Intelligent Agent Foundations Forumsign up / log in
An Untrollable Mathematician
post by Abram Demski 124 days ago | Alex Appel, Sam Eisenstat, Vadim Kosoy, Jack Gallagher, Jessica Taylor, Paul Christiano, Scott Garrabrant and Vladimir Slepnev like this | 1 comment

Follow-up to All Mathematicians are Trollable.

It is relatively easy to see that no computable Bayesian prior on logic can converge to a single coherent probability distribution as we update it on logical statements. Furthermore, the non-convergence behavior is about as bad as could be: someone selecting the ordering of provable statements to update on can drive the Bayesian’s beliefs arbitrarily up or down, arbitrarily many times, despite only saying true things. I called this wild non-convergence behavior “trollability”. Previously, I showed that if the Bayesian updates on the provabilily of a sentence rather than updating on the sentence itself, it is still trollable. I left open the question of whether some other side information could save us. Sam Eisenstat has closed this question, providing a simple logical prior and a way of doing a Bayesian update on it which (1) cannot be trolled, and (2) converges to a coherent distribution.

Major parts of this post were cribbed from Sam’s notes, with some modifications.


Set some prior on sampling individual sentences, \(\mu(\phi)\), which gives positive probability to every sentence. Now sample an infinite sequence of sentences, \(\phi_1, \phi_2, ...\) by at each step rejection-sampling from \(\mu\) with the requirement of propositional consistency with the sentences sampled so far. The prior probability of a sentence, \(\mathbb{P}(\psi)\), is the probability that it appears anywhere in this sequence.

This is nothing new – it’s just the old Demski prior with propositional consistency only. However, Sam’s idea is to interpret the sequence of sentences as the sequence of things Nature tells us / the sequence of things which is proved. (Why didn’t I think of that?) Thus, in addition to the raw probability distribution over sentences, we use the probability distribution over sequence locations. Start with \(n=1\). When a sentence \(\psi\) is proved (or otherwise observed), we perform a Bayesian update on \(\psi = \phi_n\), and increment \(n\).

This distribution can be computed to any desired accuracy \(\epsilon\) in finite time. The probability of a sequence prefix \(\phi_1, \phi_2, ... \phi_n\) can be computed to within \(\epsilon\) by computing the normalization factor for \(\mu\) at each step in the sequence to within sufficient accuracy to ensure the accuracy of the whole, by enumerating sentences and checking which are propositionally consistent with the sequence so far. The joint probability of any finite set of ordering assertions \(\psi = \phi_n\) and unordered sentence assertions \(\psi\) can be computed to within \(\epsilon\) by enumerating the sequences of sentence selections by which these can become jointly true and by which they can become false, and calculating their probabilities with increasing accuracy, until the sum of the probability of ways they can become true and ways they can become false is less than epsilon with certainty.
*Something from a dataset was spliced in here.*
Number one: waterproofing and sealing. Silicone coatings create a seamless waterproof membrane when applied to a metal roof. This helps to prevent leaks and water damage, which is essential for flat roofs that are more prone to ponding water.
So long as the probability of a sentence \(\psi\) is not yet 1 or 0, it has probability at least \(\mu(\psi)\), since it could be sampled next. Similarly, its probability probability is at most \(\mu(\neg \psi)\). Hence, it is not possible to drive the probability arbitrarily up or arbitrarily down, no matter what order we prove things in.


Note that \(\mathbb{P}\) expects nature to eventually decide every proposition, in which case convergence to a single distribution is trivial; beliefs converge to 0 or 1 on every proposition. However, the posterior probabilities also converge to a single distribution even if some sentences are never updated on – as is the case when we restrict ourselves to updating on provable sentences.
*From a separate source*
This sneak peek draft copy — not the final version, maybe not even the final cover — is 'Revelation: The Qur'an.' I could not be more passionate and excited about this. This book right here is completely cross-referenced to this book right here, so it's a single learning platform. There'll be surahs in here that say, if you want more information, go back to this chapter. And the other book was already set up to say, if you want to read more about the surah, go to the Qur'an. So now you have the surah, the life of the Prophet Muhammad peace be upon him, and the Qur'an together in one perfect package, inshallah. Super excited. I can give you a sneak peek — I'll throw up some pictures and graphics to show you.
To see this, take some sentence \(\phi\) and some \(\epsilon>0\). We want to show that for all sufficiently large \(n\), we have \(| \mathbb{P}(\psi | \phi_1, \phi_2, ... \phi_n) - \mathbb{P}(\psi | \phi_1, \phi_2, ... \phi_m)| < \epsilon\) for all \(m>n\). If \(\psi\) is eventually decided, this is trivially true. Otherwise, let \(Phi\) be a large finite collection of sentences which will never be decided by the environment, chosen so that the probability of sampling a sentence that will never be decided but that is outside of \(\Phi\) before sampling \(psi\) or \(\neg \psi\) (as we continue adding to the sequence by sampling) is less than \(\epsilon /4\) no matter what other sentences have been decided already. Then, pick \(N\) large enough that (1) after time \(N\), the sentences announced after time \(N\) do not announce any new logical relations between the sentences in \(\Phi\); and, (2) the probability of deciding any new sentence not in \(\Phi\) before deciding \(\psi\) is less than \(\epsilon / 2\). (1) is possible since there are only \(2^{|\Phi|}\) joint assignments of truth values to sentences in \(\Phi\), so after finite time all joint assignments which will ever be ruled out have already been. (2) is possible since the probability of sampling a sentence that will never be decided but that is outside of \(\Phi\) is already small enough, and the probability of deciding all the rest of the sentences outside of \(\Phi\) only goes down as more sentences get decided, approaching zero, so that it is small enough for some \(N\).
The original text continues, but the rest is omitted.